Setibanya di tengah hutan, Sihar langsung berkomunikasi langsung dengan seorang petani yang sedang panen kemenyan. Beliau yang sebelumnya telah berdiskusi dengan pengusaha kemenyan, ingin mengetahui langsung keadaan petani kemenyan di Humbang Hasundutan. Tanpa ragu, Sihar mengikuti kemana arah petani menyusuri hutan memanen kemenyan.

Selepas melihat langsung proses pengambilan kemenyan, Sihar dijamu kopi di gubuk sederhana yang dibangun di tengah hutan oleh para petani. Saat inilah dimanfaatkan para petani untuk bercerita mengenai mata pencaharian mereka.

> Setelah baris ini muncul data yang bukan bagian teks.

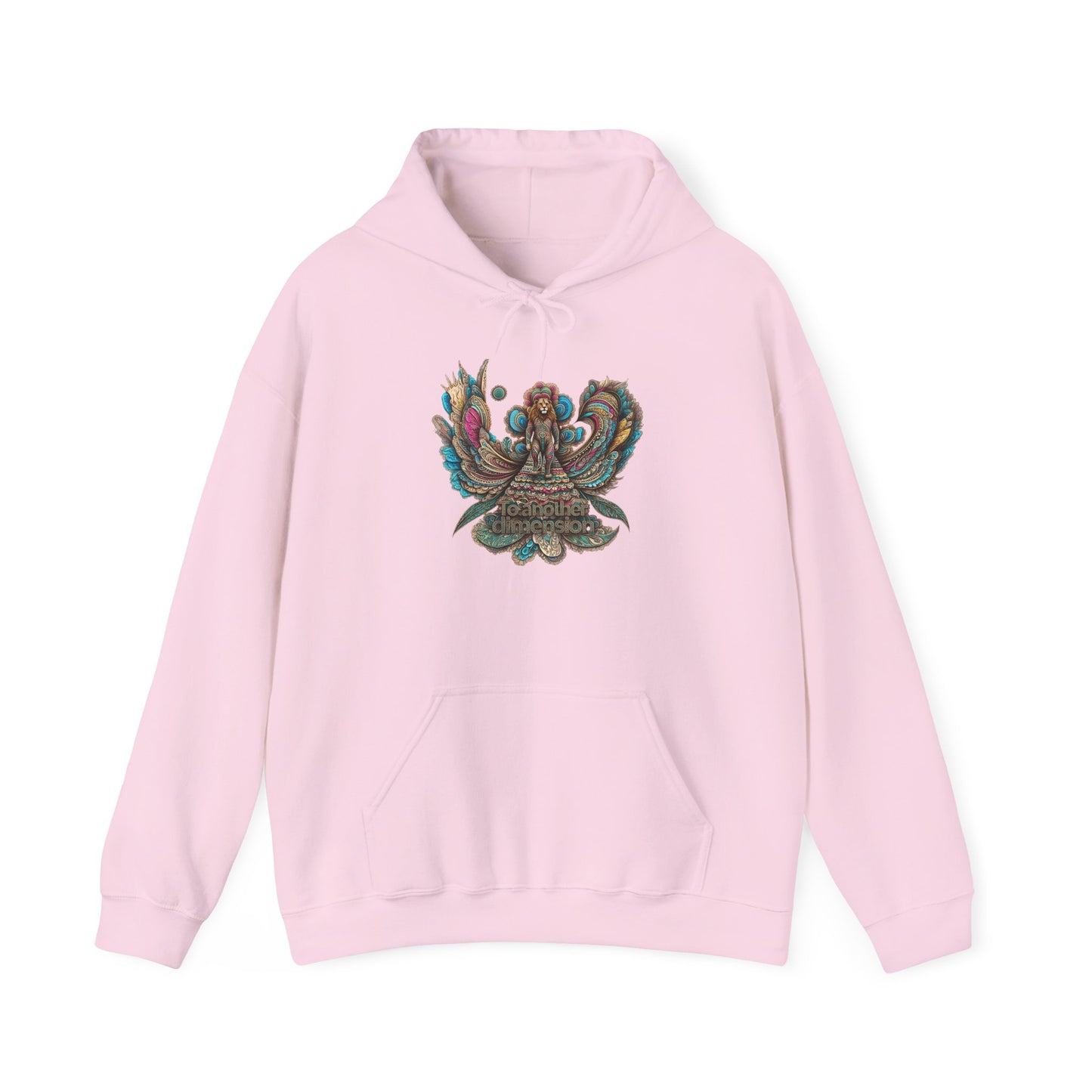 Bohemian Chic Hoodie, Unisex Sweater, Cozy Casual Wear, Gifts for Her, Artistic Sweatshirt, Festival Style Apparel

Para petani menguraikan bahwa setiap bulannya mereka bisa menghasilkan 5 sampai 10 kilo kemenyan. Harganya pun Rp. 300.000 per kilo untuk kualitas kemenyan terbaik. Pohon kemenyan yang sudah bisa mereka panen harus sudah berusia 15 tahun.

“Harganya sudah bagus. Sudah naik. Cuma produksi lahan kami sudah mulai berkurang. Karena berkurangnya hutan alam tempat kemenyannya bisa tumbuh, penebangan ini lah yang buat berkurang produksinya,” ujar Charles Lumban Gaol, Salah Seorang Petani Kemenyan.

Bagi Sihar, usaha kemenyan ini menyentuh banyak aspek dalam kehidupan Humbang Hasundutan. Aspek ekonomi sebagai yang utama, dimana penghasilan dari kemenyan ini lumayan tinggi dan menopang hidup para petani. Kemudian aspek kearifan lokal, dimana ada banyak sekali kepercayaan masyarakat setempat mengenai kemenyan yang masih dipelihara sampai sekarang.

“Uniknya, pohon kemenyan ini harus hidup bersama pohon jenis lain. Ini akan memperkaya ekosistem, harus dilestarikan,” ujar Sihar.

Hal inilah yang menurut Sihar harus dijaga dan dilestarikan. Petani kemenyan ini harus lebih diperhatikan, terutama mengenai lahan mereka yang kian menipis.